Avangrid's lawsuit was filed Tuesday in Cumberland County against Maine Secretary of State Matthew Dunlap, and has the support of the Maine State Chamber of Commerce and a manufacturing industry association.

"Why don't we change the sign in Kittery from 'Welcome Home' to 'Maine: Where permits mean nothing and referenda are every Tuesday.' You can't run a society by referendum," Tony Buxton, counsel for the Industrial Energy Consumers Group, said.

Say NO to NECEC, the group that turned in more than 75,000 signatures to get the permit repeal question on the November ballot, said the lawsuit is another tactic from a group of for-profit interests that have already spent millions of dollars to put down local opposition.

"This is just CMP's latest stunt to try and keep the people of Maine from having a say over their for-profit corridor project. It's ludicrous for a foreign company to go to such lengths and expense to silence 66,000 Mainers who signed petitions to make this referendum a reality," Sandi Howard, director of Say NO to NECEC, said. "The bottom line is that the people of Maine deserve the right to decide what goes through their back yards, and this November, they will have that opportunity."

The lawsuit claims the referendum has two "fatal constitutional flaws:" first, that it goes beyond the legislative power provided to the people under the state Constitution by attempting to overturn one single agency decision rather than an act of the state Legislature. The second argument is that it violates a separation of powers provision of the Maine Constitution by seeking to disrupt an executive branch function and also a judicial decision that upheld that action through an appeals process.

Thorn Dickinson, CEO and president of the NECEC Transmission, LLC, likened it to an initiative to revoke the permit for one single lobsterman while leaving the rest of the lobster industry unaffected.

"If this referendum is put on the ballot, any decision by a court or agency could be arbitrarily overturned after the fact," he said. "It will create a dangerous precedent that allows special interests to manipulate voters in overturning decisions made by local and state regulators and Maine courts. This creates uncertainty and threatens individual rights of fairness under the law."

Avangrid's lawsuit came on the heels of a Maine Supreme Judicial Court ruling last week that upheld the validity of signatures Say NO to NECEC turned in to qualify its question for the ballot. That suit revolved around whether certain signatures should have been thrown out because the notaries public who signed off on some signature forms also performed non-notary services for the signature-gathering campaign.

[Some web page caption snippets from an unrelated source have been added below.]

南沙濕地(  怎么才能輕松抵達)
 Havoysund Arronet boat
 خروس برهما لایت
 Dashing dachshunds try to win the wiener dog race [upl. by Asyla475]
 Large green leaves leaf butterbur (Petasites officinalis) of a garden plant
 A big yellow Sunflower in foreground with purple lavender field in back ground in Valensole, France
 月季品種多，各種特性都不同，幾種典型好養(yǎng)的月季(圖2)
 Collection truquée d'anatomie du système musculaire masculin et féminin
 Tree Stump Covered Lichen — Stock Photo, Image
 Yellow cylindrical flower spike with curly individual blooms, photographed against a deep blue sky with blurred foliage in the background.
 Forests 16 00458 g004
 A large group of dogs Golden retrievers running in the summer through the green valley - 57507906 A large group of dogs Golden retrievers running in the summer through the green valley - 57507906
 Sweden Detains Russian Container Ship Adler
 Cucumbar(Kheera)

"We are challenging it for a lot of good reasons. We found what we believe are a lot of irregularities," Torgerson, the Avangrid CEO, told investors late last month. "People doing notary public work when they're also doing work for the campaign to push the referendum. So we feel we have a good case."

Ultimately, the court cleared the way for the referendum to go to voters in November with a ruling that the secretary of state acted properly in validating the signatures.

While the referendum fight plays out in the Maine courts, the NECEC project is not fully out of the woods just yet.

The transmission project still must be certified by the U.S. Army Corps of Engineers and must obtain a Presidential Permit from the U.S. Department of Energy because it connects across the border into Canada. And the regional grid operator — ISO-New England — also gets a say before the project can get fully underway.

Torgerson said during Avangrid's investor call late last month that the Army Corps approval is expected in early third quarter, roughly 90 days after the Maine DEP final decision, which came May 11. He said the ISO-New England approval is expected by the end of the second quarter of 2020. The Presidential Permit, he said, is expected to be issued approximately 60 days after the Army Corps and ISO-New England approvals.